The Breathing-Orbital Valence Bond Method: A VB Method That Includes Dynamic Electron Correlation

The article outlines the principles and achievements of the Breathing Orbital Valence Bond method (BOVB), which describes electronic states in terms of Lewis structures, including covalent and ionic structures. BOVB combines good numerical accuracy with a lucid interpretability and compactness of the classical valence bond method. This is achieved by optimizing simultaneously the orbitals and coefficients of the valence bond configurations, while allowing each configuration to have its own specific set of orbitals. As such, the BOVB wave function includes dynamic electron correlation, on top of the static correlation, without increasing the number of configurations.

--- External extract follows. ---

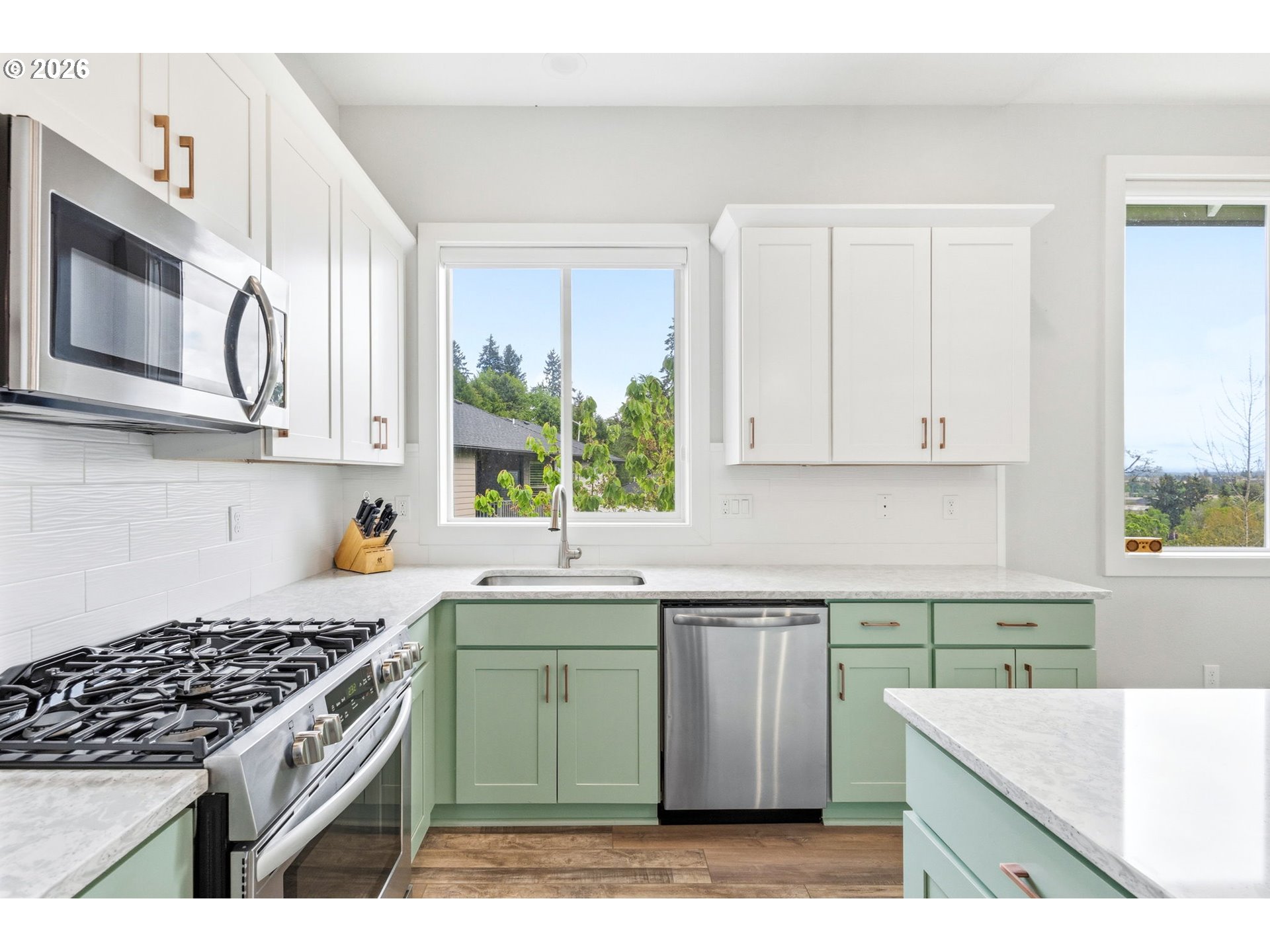 1372 Overview Street Northwest Salem, OR 97304 - Photo 13 of 45 a kitchen with a sink stove top oven and cabinets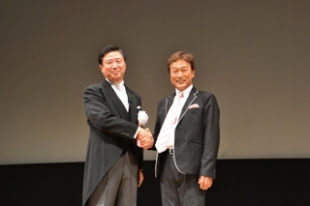 式典　長友市長と太川陽介さんと握手の様子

BOVB leads to accurate calculations of bonding energies, weights of Lewis structures, resonance energies, measures of diradical character, etc. New concepts are generated, such as charge-shift bonding, an improved Rundle-Pimentel model for hypervalent molecules, insights into 1,3-dipolar cycloadditions, etc. The article also describes recent developments for excited states, which enable BOVB to produce accurate transition energies in notoriously challenging cases, thus showing that an ab-initio classical valence bond method can be as accurate as standard ab initio molecular orbital based methods like full-valence CASSCF-MRCISD, while being much faster. Future applications will include photochemical reactions.